> _WORK REQUIRED_:
Would you transcribe exactly the lines below, starting at the one that contains "8960 S HOLLYBROOK" and ending with the last line, both included? Leave out all other lines.

> _DATA UNDER STUDY_:
================================

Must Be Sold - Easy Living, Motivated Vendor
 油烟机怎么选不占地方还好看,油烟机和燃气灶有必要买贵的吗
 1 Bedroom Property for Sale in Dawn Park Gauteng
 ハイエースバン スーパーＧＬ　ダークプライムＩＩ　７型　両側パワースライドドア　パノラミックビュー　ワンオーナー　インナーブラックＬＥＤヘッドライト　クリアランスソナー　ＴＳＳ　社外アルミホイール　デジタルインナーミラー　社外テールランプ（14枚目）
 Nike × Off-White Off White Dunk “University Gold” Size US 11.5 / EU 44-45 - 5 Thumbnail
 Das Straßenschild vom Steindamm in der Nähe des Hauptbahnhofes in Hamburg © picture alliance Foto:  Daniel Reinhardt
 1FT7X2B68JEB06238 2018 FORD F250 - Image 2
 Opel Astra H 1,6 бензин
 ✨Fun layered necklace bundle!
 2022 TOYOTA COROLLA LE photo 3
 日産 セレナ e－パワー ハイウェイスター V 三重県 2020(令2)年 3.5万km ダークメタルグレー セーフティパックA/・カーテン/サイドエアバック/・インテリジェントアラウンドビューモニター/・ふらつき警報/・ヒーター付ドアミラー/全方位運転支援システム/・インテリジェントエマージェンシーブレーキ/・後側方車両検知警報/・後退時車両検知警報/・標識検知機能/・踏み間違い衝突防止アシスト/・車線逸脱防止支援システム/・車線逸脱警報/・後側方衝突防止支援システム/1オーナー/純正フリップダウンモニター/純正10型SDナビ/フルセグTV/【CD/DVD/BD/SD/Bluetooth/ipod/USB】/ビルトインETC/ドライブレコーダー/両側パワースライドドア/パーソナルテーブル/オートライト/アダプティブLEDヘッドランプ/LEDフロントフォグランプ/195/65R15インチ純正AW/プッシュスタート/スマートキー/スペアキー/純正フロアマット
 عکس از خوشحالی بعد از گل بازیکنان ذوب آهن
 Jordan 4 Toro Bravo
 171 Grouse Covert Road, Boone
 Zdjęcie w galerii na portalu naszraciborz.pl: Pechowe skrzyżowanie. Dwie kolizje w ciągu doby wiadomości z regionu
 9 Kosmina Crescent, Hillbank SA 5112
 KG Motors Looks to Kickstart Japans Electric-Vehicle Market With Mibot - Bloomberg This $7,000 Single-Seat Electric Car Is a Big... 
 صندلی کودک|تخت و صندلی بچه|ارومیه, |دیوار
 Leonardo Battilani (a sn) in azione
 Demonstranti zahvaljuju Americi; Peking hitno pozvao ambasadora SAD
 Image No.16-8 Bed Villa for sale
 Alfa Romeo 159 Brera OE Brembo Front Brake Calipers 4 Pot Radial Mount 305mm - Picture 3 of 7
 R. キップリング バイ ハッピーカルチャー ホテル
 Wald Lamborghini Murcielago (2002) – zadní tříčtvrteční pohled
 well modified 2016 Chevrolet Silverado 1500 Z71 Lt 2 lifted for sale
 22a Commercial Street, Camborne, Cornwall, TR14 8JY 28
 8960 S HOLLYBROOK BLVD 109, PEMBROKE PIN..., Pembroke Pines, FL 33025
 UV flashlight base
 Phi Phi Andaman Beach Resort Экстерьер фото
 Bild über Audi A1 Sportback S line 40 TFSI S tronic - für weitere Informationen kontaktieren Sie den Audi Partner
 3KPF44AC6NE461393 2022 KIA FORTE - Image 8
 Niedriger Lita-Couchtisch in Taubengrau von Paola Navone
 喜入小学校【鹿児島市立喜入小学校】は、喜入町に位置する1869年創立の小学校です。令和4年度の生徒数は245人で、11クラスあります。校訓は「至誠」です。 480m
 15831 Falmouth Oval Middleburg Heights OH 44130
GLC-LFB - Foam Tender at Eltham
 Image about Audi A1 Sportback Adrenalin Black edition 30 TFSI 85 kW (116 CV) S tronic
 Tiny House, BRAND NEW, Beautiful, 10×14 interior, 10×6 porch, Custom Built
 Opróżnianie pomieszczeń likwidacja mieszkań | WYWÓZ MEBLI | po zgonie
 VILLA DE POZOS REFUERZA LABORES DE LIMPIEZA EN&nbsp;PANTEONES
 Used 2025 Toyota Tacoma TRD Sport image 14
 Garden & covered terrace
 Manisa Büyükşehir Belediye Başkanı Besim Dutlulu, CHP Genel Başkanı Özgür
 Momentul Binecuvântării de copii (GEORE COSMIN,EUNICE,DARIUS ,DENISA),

================================

> _RESPONSE TO THE TASK_:
 8960 S HOLLYBROOK BLVD 109, PEMBROKE PIN..., Pembroke Pines, FL 33025
 UV flashlight base
 Phi Phi Andaman Beach Resort Экстерьер фото
 Bild über Audi A1 Sportback S line 40 TFSI S tronic - für weitere Informationen kontaktieren Sie den Audi Partner
 3KPF44AC6NE461393 2022 KIA FORTE - Image 8
 Niedriger Lita-Couchtisch in Taubengrau von Paola Navone
 喜入小学校【鹿児島市立喜入小学校】は、喜入町に位置する1869年創立の小学校です。令和4年度の生徒数は245人で、11クラスあります。校訓は「至誠」です。 480m
 15831 Falmouth Oval Middleburg Heights OH 44130
GLC-LFB - Foam Tender at Eltham
 Image about Audi A1 Sportback Adrenalin Black edition 30 TFSI 85 kW (116 CV) S tronic
 Tiny House, BRAND NEW, Beautiful, 10×14 interior, 10×6 porch, Custom Built
 Opróżnianie pomieszczeń likwidacja mieszkań | WYWÓZ MEBLI | po zgonie
 VILLA DE POZOS REFUERZA LABORES DE LIMPIEZA EN&nbsp;PANTEONES
 Used 2025 Toyota Tacoma TRD Sport image 14
 Garden & covered terrace
 Manisa Büyükşehir Belediye Başkanı Besim Dutlulu, CHP Genel Başkanı Özgür
 Momentul Binecuvântării de copii (GEORE COSMIN,EUNICE,DARIUS ,DENISA),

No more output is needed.